Poi abbiamo scoperto la difficile marcia nel deserto del dopo concilio: l’autentico rinnovamento evangelico significava, come ha annunciato Gesù, abbracciare la croce e seguirlo, significava accettare la debolezza, vivere le contraddizioni nella mitezza, non sognare più una logica trionfante, esercitarsi in una comunione ecclesiale che richiedeva ad alcuni mutamento e dinamica, ad altri pazienza e perseveranza, a tutti conversione.

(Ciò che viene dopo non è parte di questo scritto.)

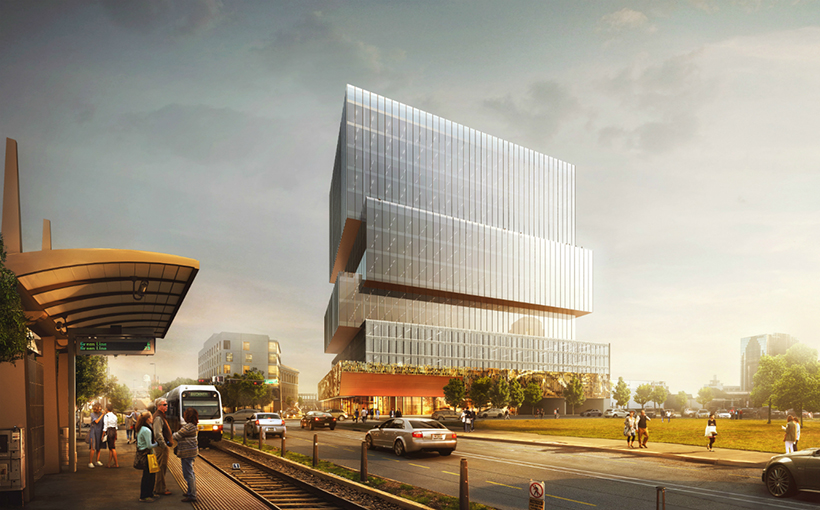 Demolition Launched for Dallas MXU Project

E si sa – e la vicenda dell’esodo ce lo ricorda – che nella marcia nel deserto dove solo camminando si apre la strada, le tentazioni assalgono: nostalgie del passato, desiderio di tornare indietro, illusioni che nel passato tutto andasse bene, ma anche incursioni anticipate o avventure centrifughe prive di orientamento... Molti nella chiesa hanno sofferto, da una parte e dall’altra, e così si è acceso un clima conflittuale, una vera e propria guerra tra fratelli, così anziché “giorni buoni” sono sopraggiunti, per usare l’espressione biblica, “giorni cattivi”.     

 

Confesso di aver temuto di dover lasciare questa terra in un tempo invernale. Certo, so che nella storia per molti cristiani non c’è mai stata la possibilità di gustare una primavera nella chiesa, ma noi l’avevamo gustata e per questo non potevamo essere contenti dell’oggi ecclesiale. Del resto, non era contento – e lo disse più volte – lo stesso Benedetto XVI, non erano contenti molti pastori, così come molti semplici cristiani.   

 

Ma ora, con la rinuncia di Benedetto XVI e l’elezione di Francesco, sembra che una nuova primavera ecclesiale sia all’orizzonte. C’è un nuovo clima, una rinnovata volontà di comunione, una dinamica che si fa audace, una riforma che si è rimessa in moto. Non si può negare questo nuovo clima in cui si torna a respirare, come scriverebbero i miei due amici autori di Manca il respiro, un clima in cui, come ho più volte auspicato, di nuovo il fuoco è ripreso perché la cenere che copriva la brace sempre infuocata è stata rimossa. Qualcosa torna a germogliare e a fiorire, la chiesa “donna anziana” sembra ringiovanirsi, “quelli della soglia” hanno di nuovo il desiderio di rientrare in chiesa, quelli che “stanno fuori” anelano a tornare a guardare attendendo con fiducia qualche segno di speranza dalla chiesa.    

 

Sogniamo? La mia preghiera è di poter vedere una seconda primavera nella mia ultima stagione di vita, prima di andarmene. E che il Signore mi preservi la visione di una gelata precoce.